YOUR OBJECTIVE:
Write out exactly, and only, the lines below from the line with "Flooded Basement Cleanup in Clay, WV" through the line with "Samsung Galaxy A90"; pictures do not belong in the copy.

DATA FOR THIS EXERCISE:
------------

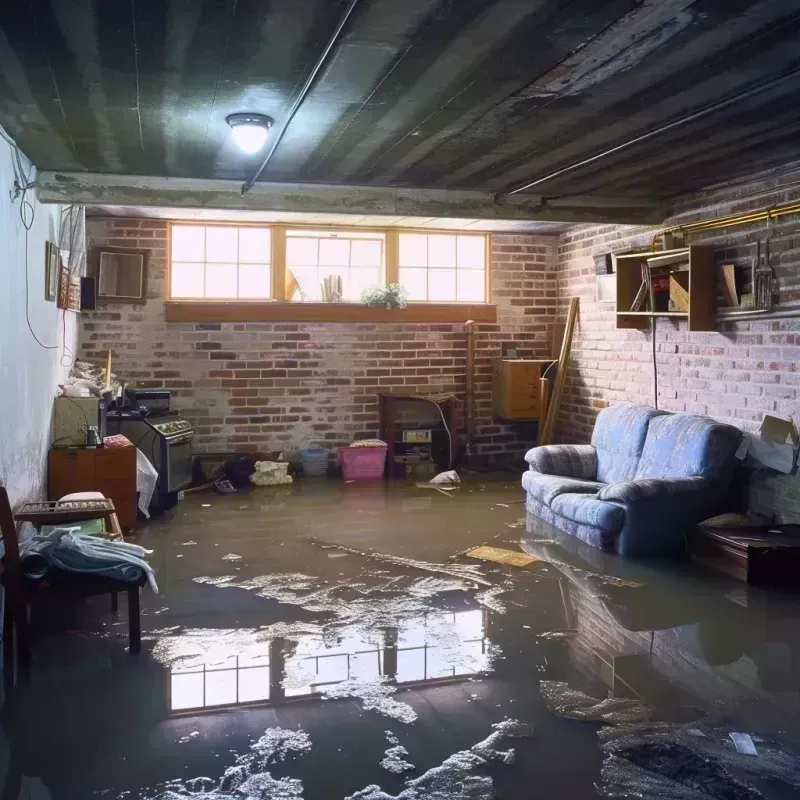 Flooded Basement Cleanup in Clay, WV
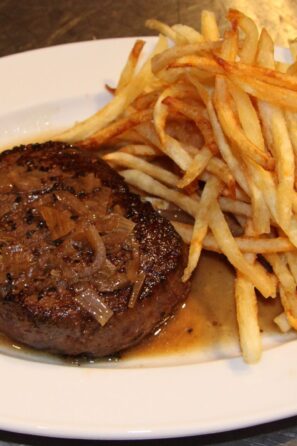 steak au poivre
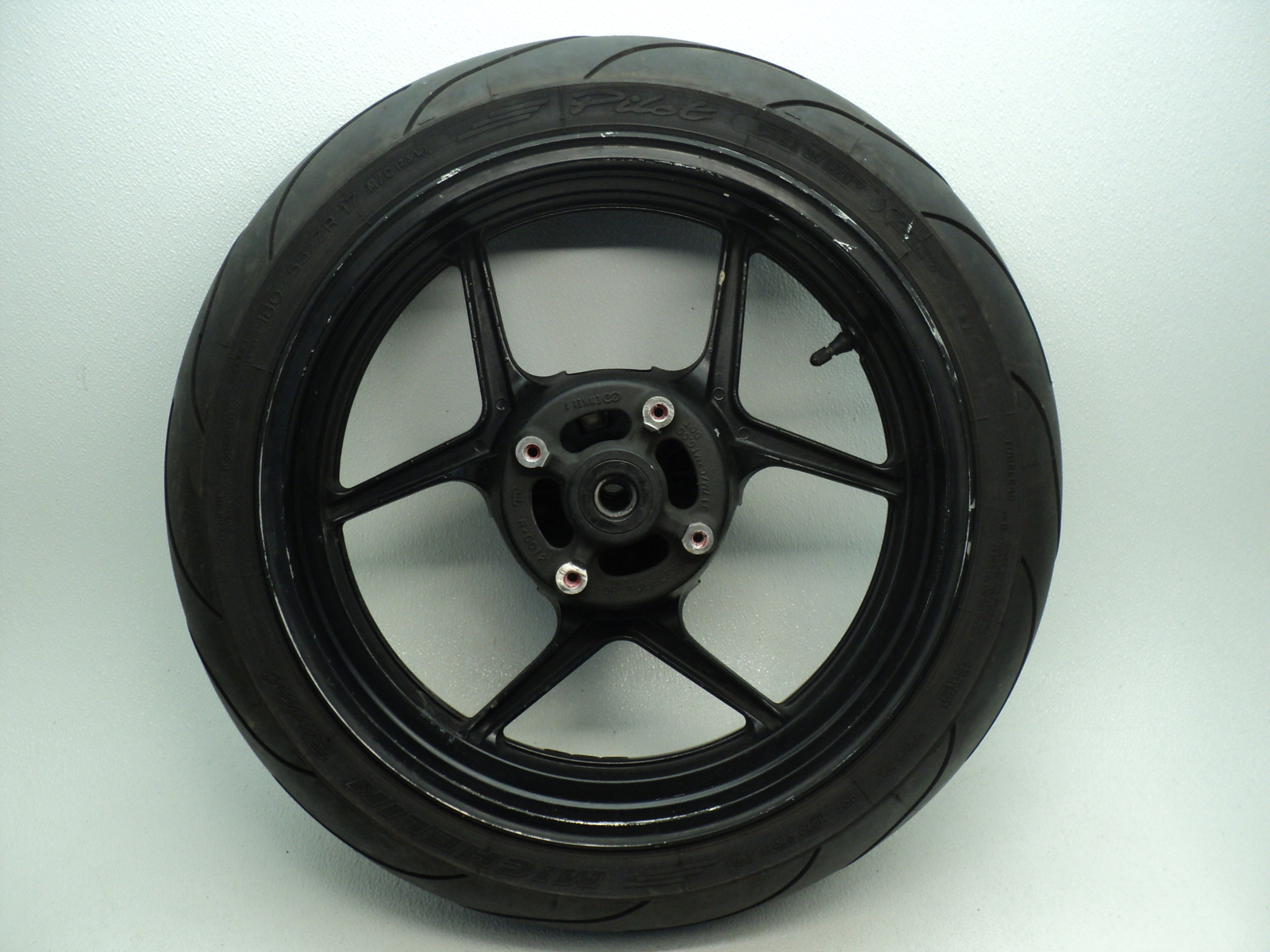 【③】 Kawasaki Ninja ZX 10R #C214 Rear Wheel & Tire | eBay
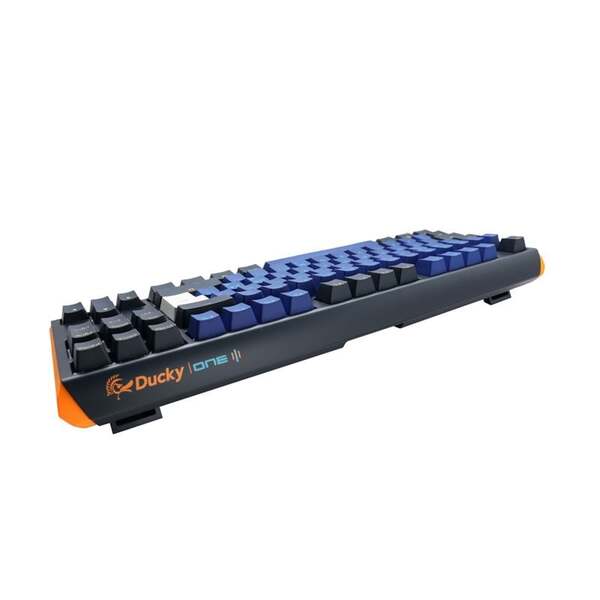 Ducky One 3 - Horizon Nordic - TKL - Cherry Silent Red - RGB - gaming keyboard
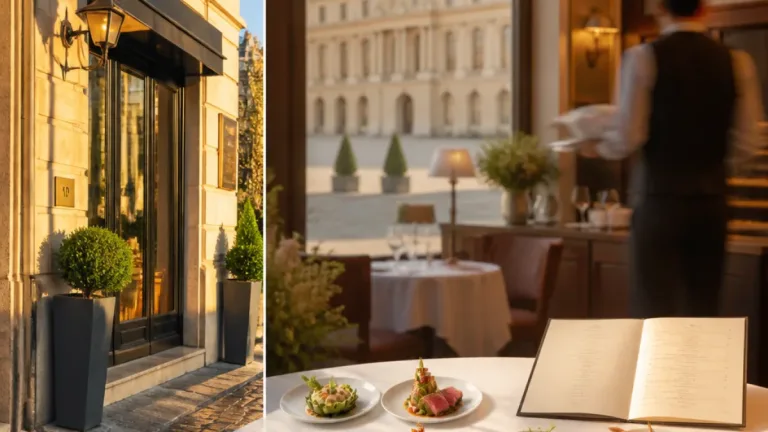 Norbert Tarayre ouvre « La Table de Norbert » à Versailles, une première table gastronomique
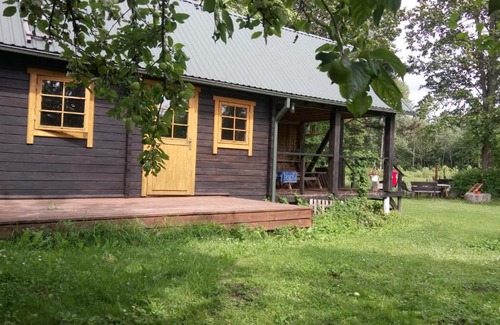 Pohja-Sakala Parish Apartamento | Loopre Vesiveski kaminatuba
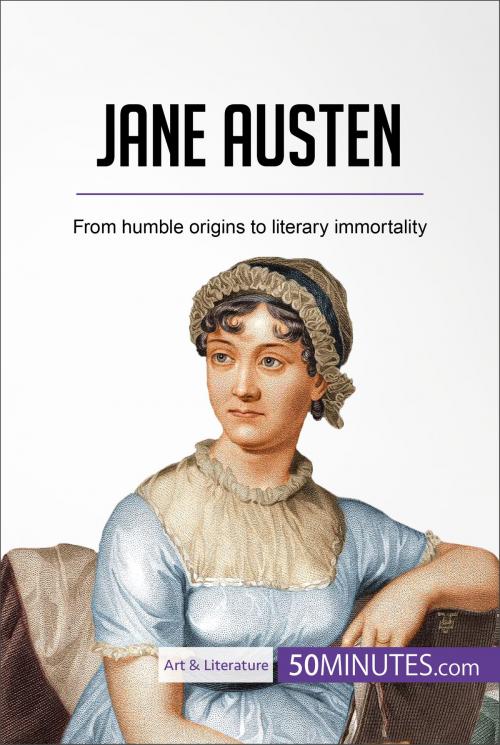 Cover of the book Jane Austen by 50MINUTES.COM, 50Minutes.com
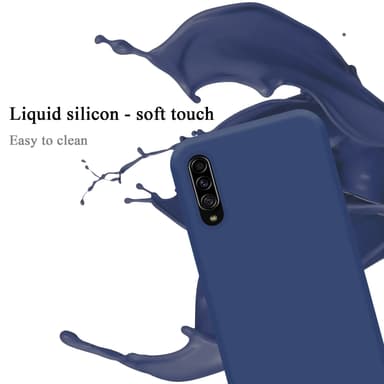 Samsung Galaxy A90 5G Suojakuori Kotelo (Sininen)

------------

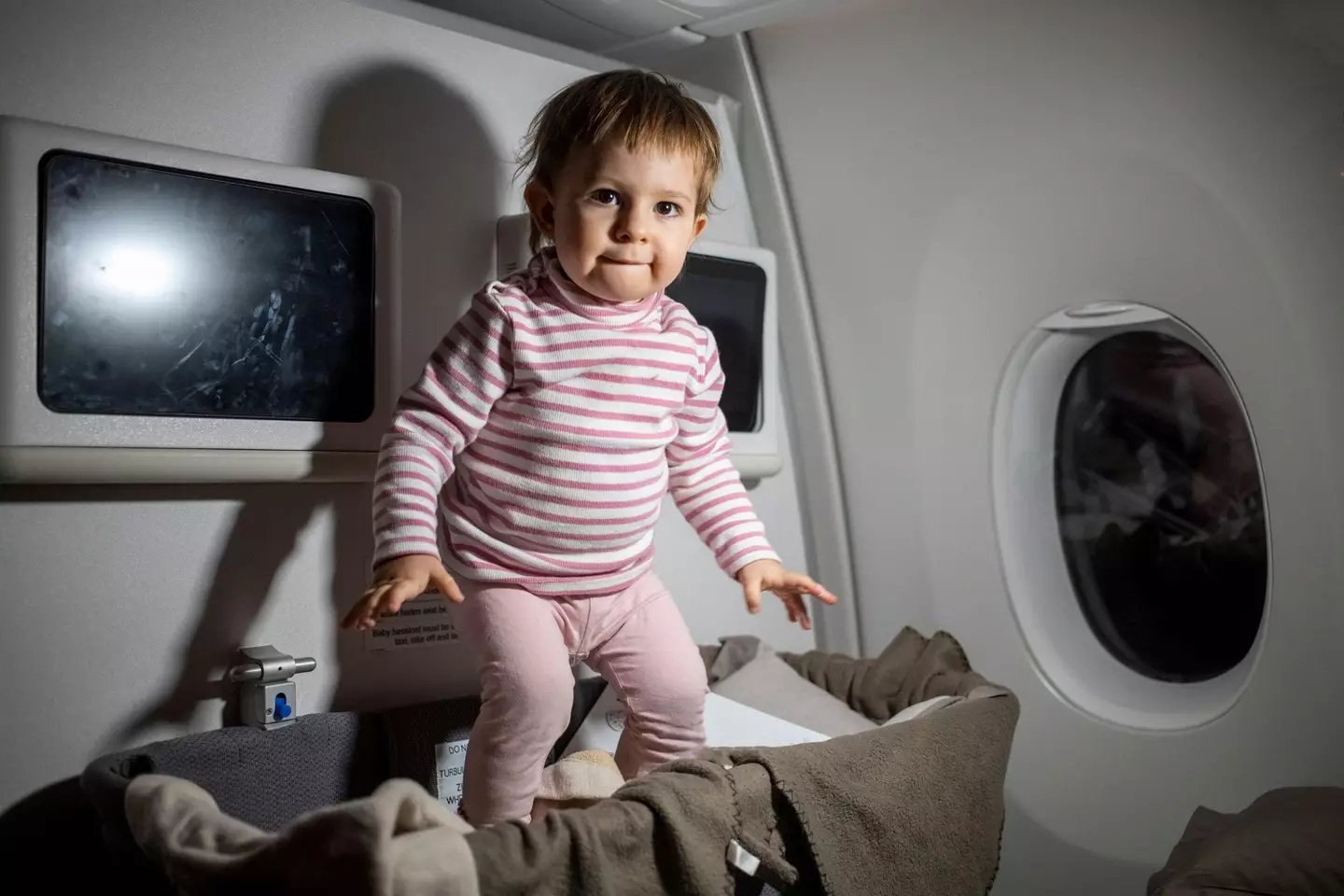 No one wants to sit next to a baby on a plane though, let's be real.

------------

SOLUTION TO THE EXERCISE:
 Flooded Basement Cleanup in Clay, WV
 steak au poivre
 【③】 Kawasaki Ninja ZX 10R #C214 Rear Wheel & Tire | eBay
 Ducky One 3 - Horizon Nordic - TKL - Cherry Silent Red - RGB - gaming keyboard
 Norbert Tarayre ouvre « La Table de Norbert » à Versailles, une première table gastronomique
 Pohja-Sakala Parish Apartamento | Loopre Vesiveski kaminatuba
 Cover of the book Jane Austen by 50MINUTES.COM, 50Minutes.com
 Samsung Galaxy A90 5G Suojakuori Kotelo (Sininen)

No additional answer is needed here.